A few years ago, Kaggle held a competition to predict forest cover types using machine learning techniques. The data, taken from the Arapaho-Roosevelt National Forest here in Colorado and provided by the UCI Machine Learning Repository, contained a stack of rasters such as elevation, aspect, hillshade, distance to past fires, roads, and waterways. Competitors are supposed to use a subset of the current typology of forest cover to build and train machine learning algorithms which are then applied to a test set of forest cover types. This process works great for purposes such as forest planning or landscape ecology studies where 30-m resolution is sufficient.

But what if the ecological relationship of interest occurs at a much finer resolution? And, one would like to relate within-plot variability of some measure to an overstory-based typology. This post dives into using Spatstat to transform point-based observations to two-dimensional surfaces with categorical values.

For this exercise, we will look at stem-map data used in Ziegler et al. (2017)1. We will focus on a specific site near Read Feather Lake, Colorado which was stem-mapped after a cutting was performed. We will use all of the observed points (standing trees and stumps, the trees existing before cutting).

library(spatstat)
library(ggplot2)
trees = read.table("https://raw.githubusercontent.com/EcoFire/EcoFire.github.io/master/site_content/data/redfeather.txt", header=T)
head(trees)
type species x_m y_m ht_m dbh_cm
Tree PIPO 79.18 36.87 1.38 1.78
Stump PSME 50.34 186.39 1.38 3.05
Tree PIPO 60.66 88.02 1.42 2.03
Tree PIPO 181.24 146.21 1.43 1.02
Tree PIPO 113.57 191.69 1.45 2.03
Tree PIPO 169.03 25.00 1.46 1.52


In the structure of trees, we have the type of observation, tree or strump, the x and y coordinates, tree heights and diameter at breast height of trees. For this post, we will analyze pre-treatment structure. Now let’s create a ppp data type so that Spatstat can work with the data2. We will also attribute marks to these points using 4-letter species codes.

ggplot(trees, aes(x_m, y_m, color=species)) + geom_point() + coord_equal(expand=FALSE) +theme_classic()

treemap = ppp(trees$x_m, trees$y_m, c(0,200), c(0,200),
              unitname=c("meter","meter"), marks = trees$species)
treemap
## Marked planar point pattern: 2053 points
## Multitype, with levels = PIPO, POTR, PSME 
## window: rectangle = [0, 200] x [0, 200] meter

The map shows the 2053 trees within the plot.
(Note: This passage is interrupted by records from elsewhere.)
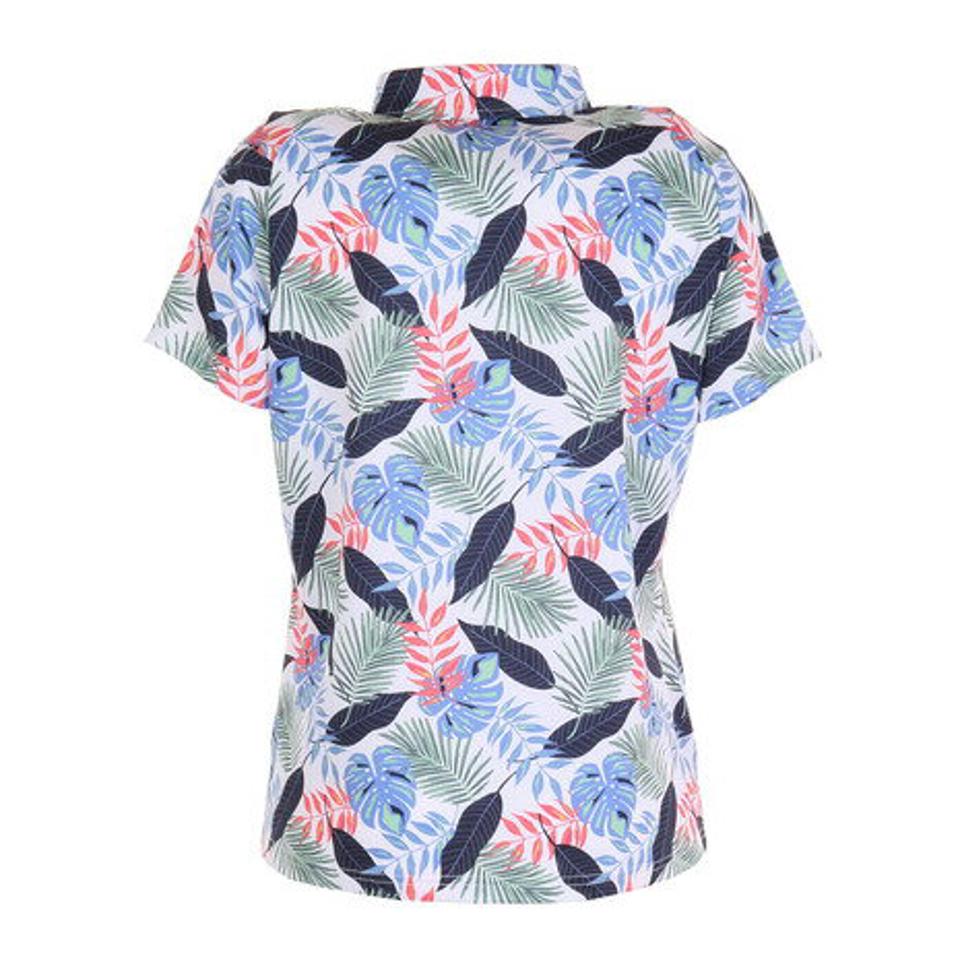 クランク(CLUNK) ゴルフウェア クールボタニカルポロシャツ CL5KUG11 WHT プロ着用モデル (レディース)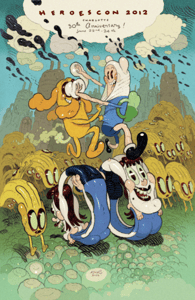 Image of Adventure Time #5 HeroesCon Variant by Dave Cooper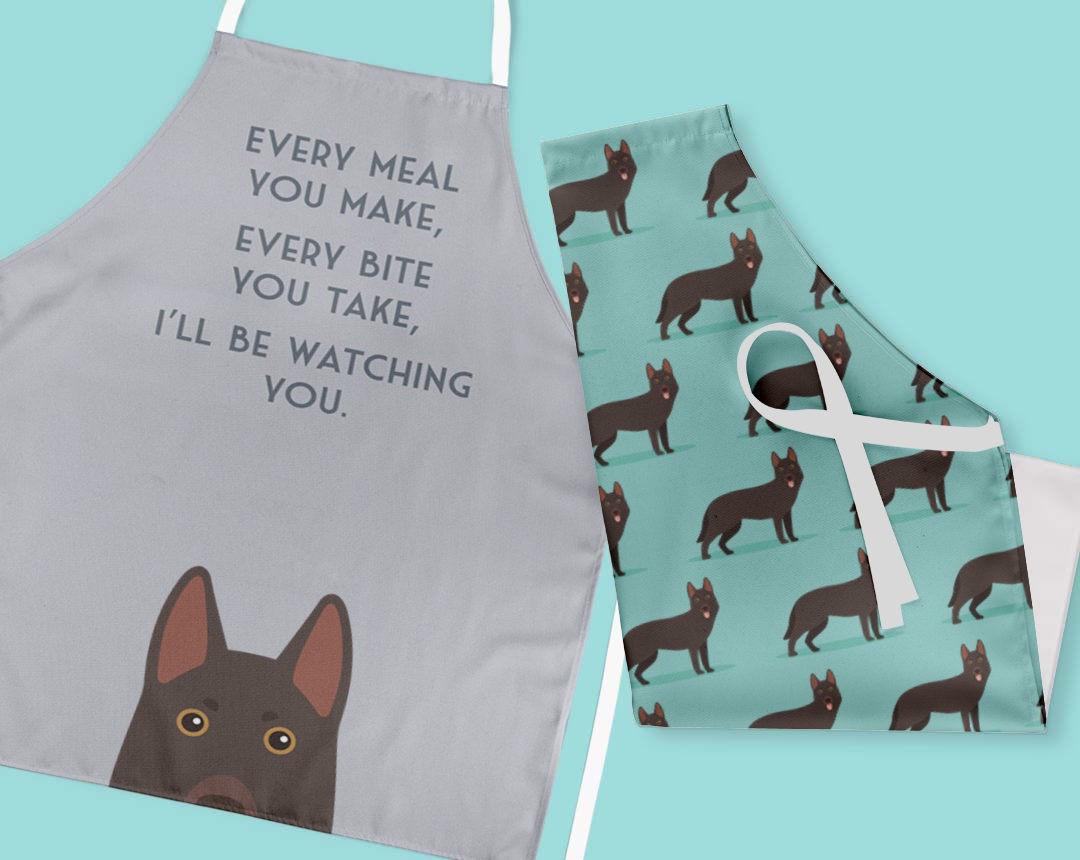 Two Personalized Aprons 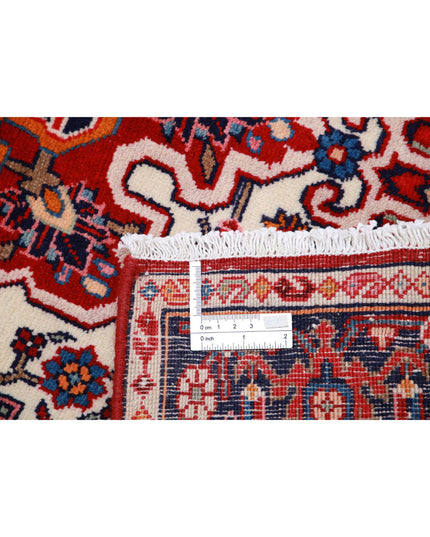 Hamadan 3' 3" X 5' 1" Hand Knotted Wool Rug 3' 3" X 5' 1" (99 X 155) / Ivory / Wool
Quaking aspen (POTR) and Douglas-fir (PSME) are concentrated in a subset of the plot while ponderosa pine (PIPO) are almost everywhere.

## Typing by species abundance
So we can already guess where forest types ought to appear from our analysis. To assign cover types, we will use relrisk. This function uses a kernel smoother to estimate a surface of likelihood of species occurrence using species’ point densities. In this example, we will define the kernel’s bandwidth to 2 and stipulate the resolution of the output image to 4 m x 4 m.

speciesrisk = relrisk(treemap, sigma = 2, dimyx = 50)
plot(speciesrisk)

covermap = im.apply(speciesrisk, which.max)
cover = levels(marks(treemap))
covermap = eval.im(cover[covermap])
covermap = as.data.frame(covermap)

ggplot(covermap, aes(x, y, fill = value)) + geom_raster() +
  theme_classic() + coord_equal(expand=FALSE) 

Overall, the results show that there are patches of quaking aspen and Douglas-fir in a sea of ponderosa pine.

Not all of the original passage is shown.